One Man’s Crazy is Another Man’s Castle
In my next life, I’d like to come back as someone who makes something tangible. Maybe I could build zombie traps, you know, ‘cause I’m sure by the time I came back the zombie apocalypse would be the new normal. Or maybe I could build flying cars or cyborgs or the jars they fill with nutrient fluids to keep the heads of celebrities going long after their bodies died.
With all of these are things, I can take a moment at the end of each day, and survey the work space, and see, with my own two robotic eyes, the physical output of a day. I can nod with satisfaction at seeing 100 brain jars, and say, “Yes. I did that. It was a good, honest day’s work.”
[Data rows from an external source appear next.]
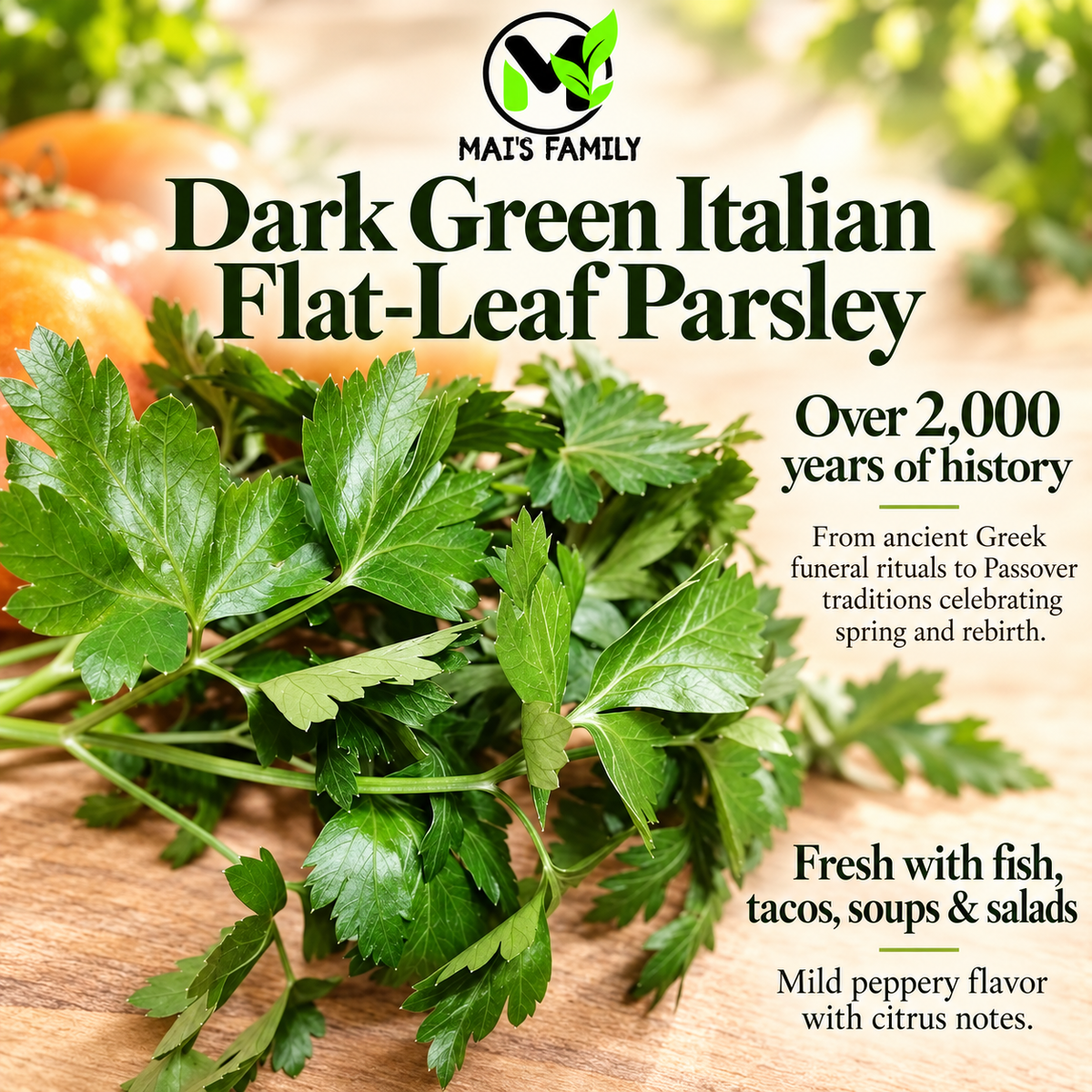 Dark Green Italian Flat Leaf Parsley Seeds – Heirloom Non-GMO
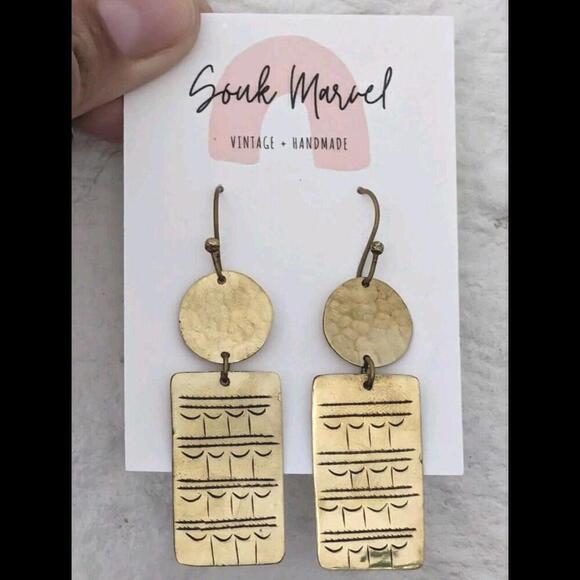 Handmade In Morocco Artisan Etched Brass Rectangle Geometric Dangle Earrings - Picture 3 of 3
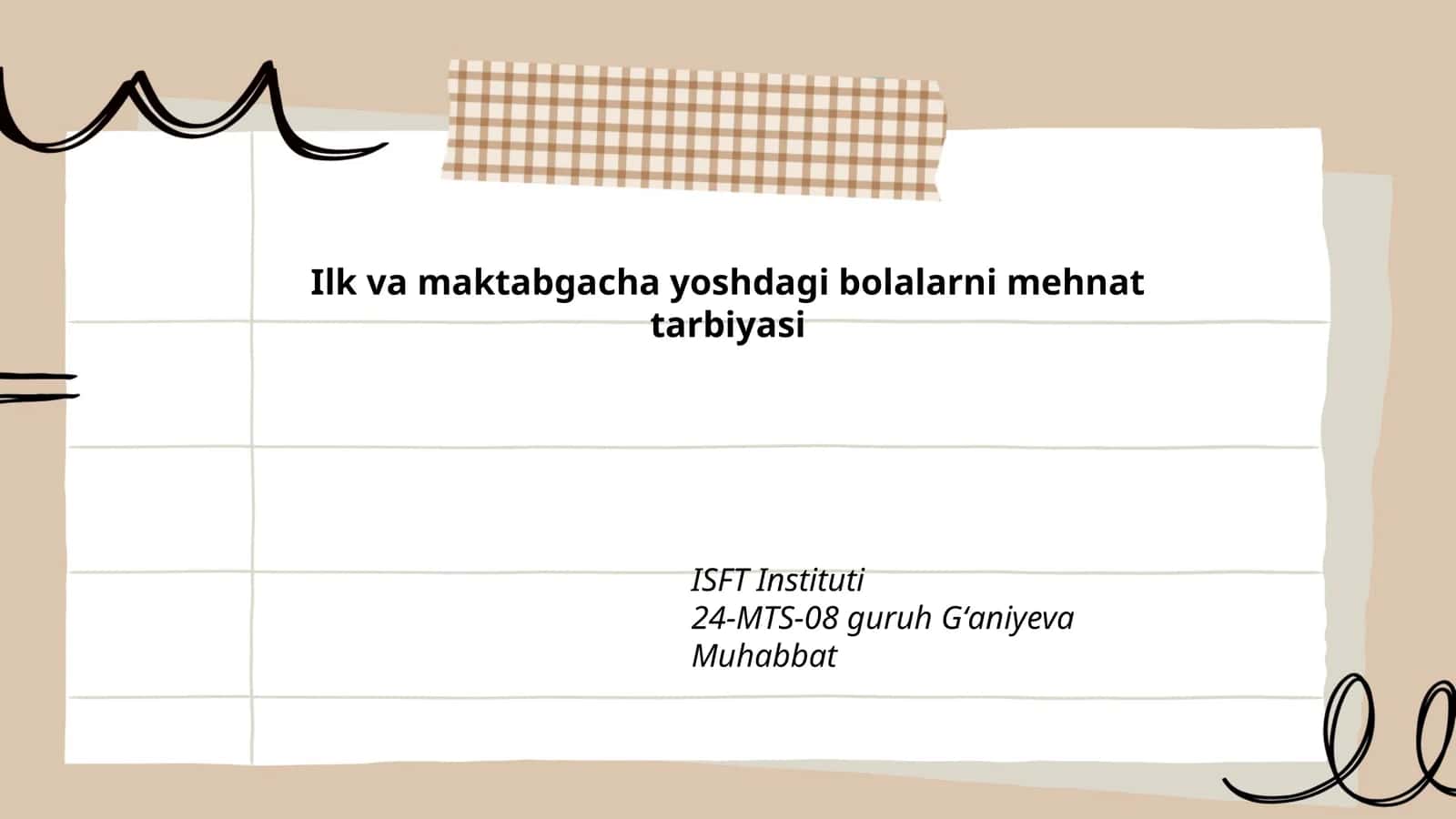 Ilk va maktabgacha yoshdagi bolalarni mehnat tarbiyasi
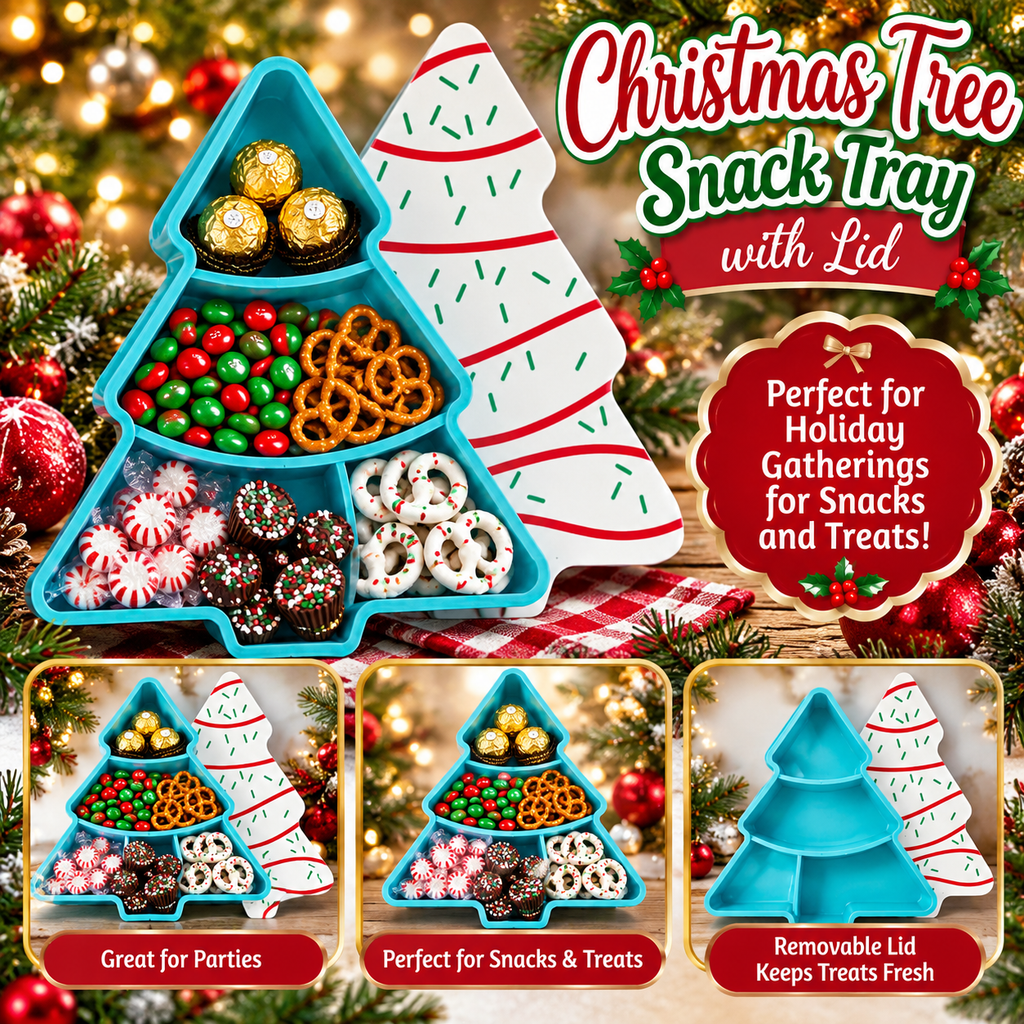 Little Debbie Christmas Tree Snack Tray w/Lid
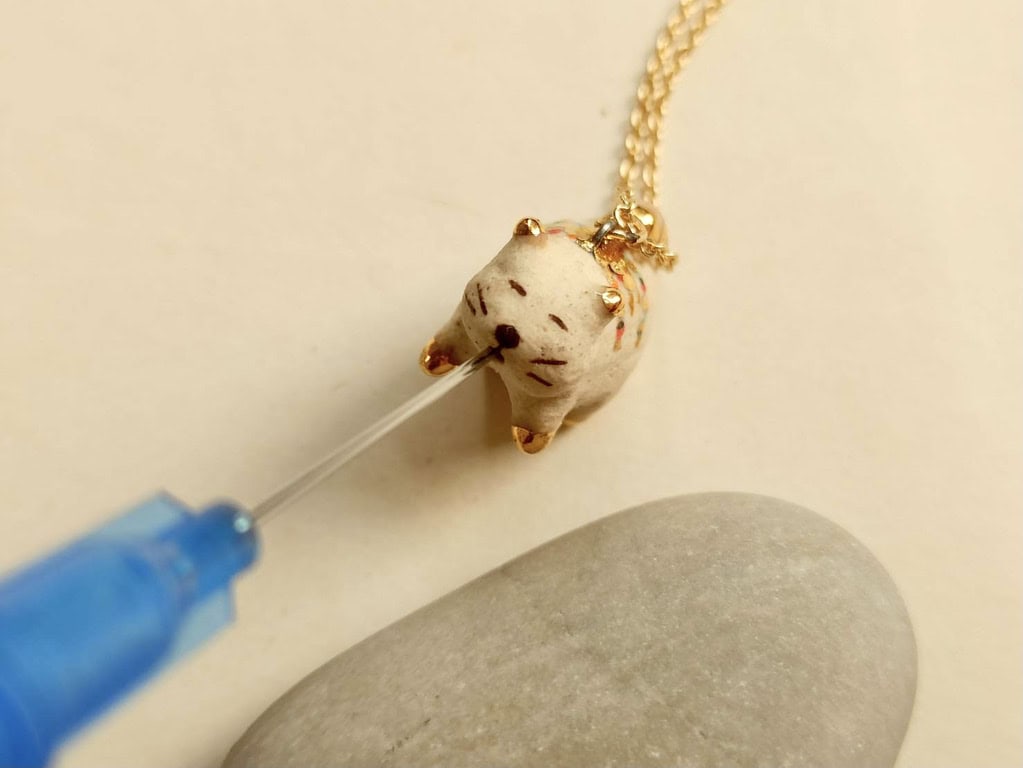 colour fatty cat ceramic diffuser necklace-1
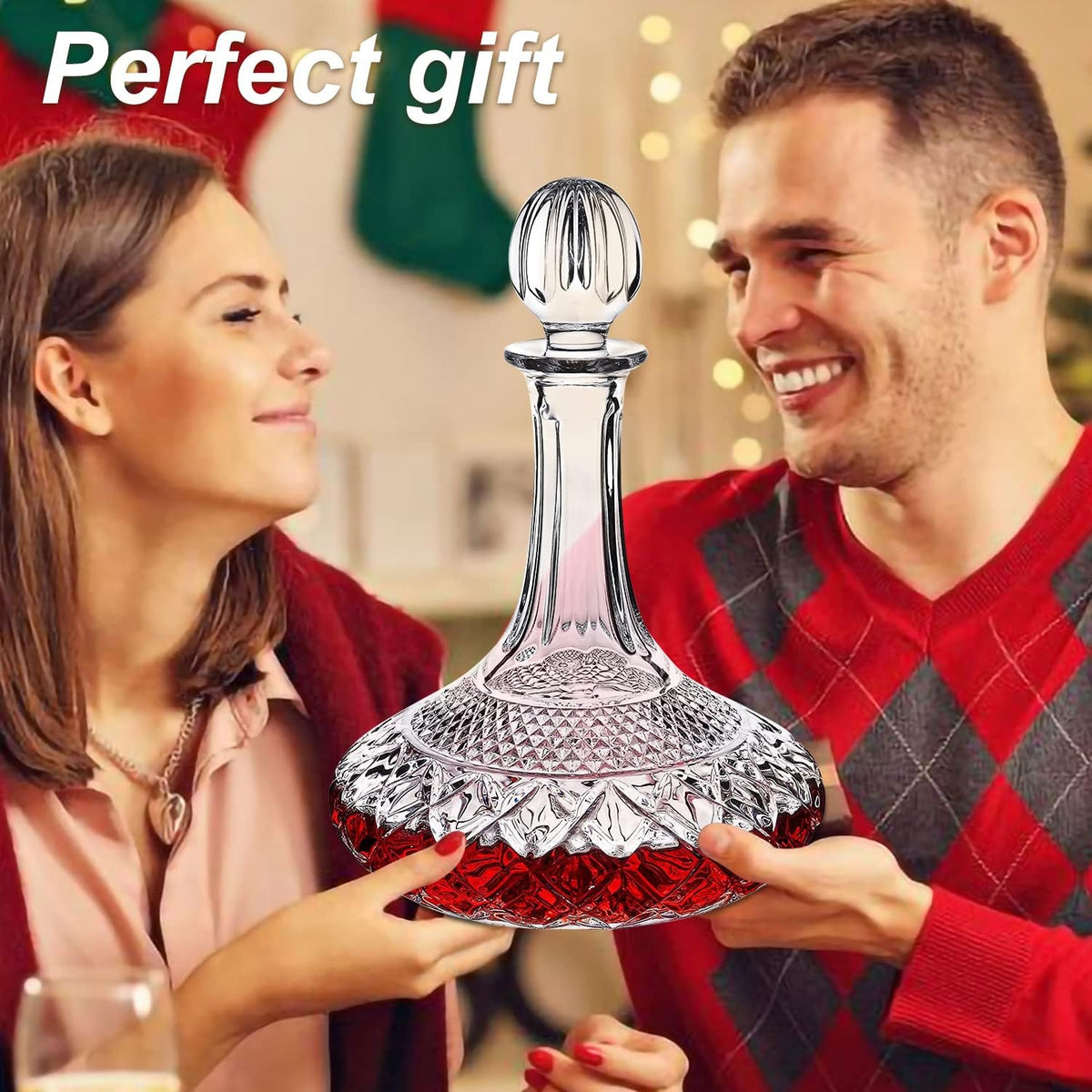 Wine Decanter Set Crystal Decanter for Wine/Whiskey with Sto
Seeing the fruits of such a job seems like it would be much more gratifying than looking in my e-mail “sent” folder to count how many e-mails I managed to pound out in a day. How ridiculous is it to measure productivity by the number of times I sent a handful of electrons shaped into pixels to someone who’s simply going to delete it about 12 seconds after getting it. How unsatisfying is it to spend day after day shuffling non-existent paper around and pretend to look busy by clicking the “Compose” button for the hundredth time that day?
In 40 years, will the only evidence of how I spent my time every day be a bunch of replies to people asking for TPS reports?
I’ve been thinking about this quite a bit lately, after returning from my second visit to Bishop’s Castle in about 20 years. If you’ve never heard of it, it’s the work of one man, whose surname happens to be Bishop. He’s been working alone since 1969, building a gigantic stone castle about an hour west of Pueblo.
The first time I saw it, the first hints of towers were just emerging, and there was a scaffold leading to a wire frame dragon chimney. Rough framing of the foundation arches was in, but, it was hard to see it as much more than a squarish collection of large rocks mortared together. It seemed like, if it took him 20 years to barely get as far as this, that he was wasting his time on something that he would never finish.
Now, it’s undeniably a castle. There’s two towers, just like in the movie, and the larger of the two is over 100 feet tall. This huge structure was built by one guy, who has hauled large, very large, very hand smashingly large rocks up wrought-iron death spiral staircases, one at a time, and glued them into place. Today, you can easily see where the labor of more than 40 years has gone. It’s made a real monument.
And while a few decades ago it would’ve been easy to dismiss as some childish, crackpot dream of having a castle, today, it’s a crackpot adult accomplishment that can’t be undone with a few minutes and a delete key.
This all means that I’m starting to wonder if it’s me that’s the crackpot, and I’m looking around for evidence of my years of labor, and there’s less to see than a squarish collection of large rocks.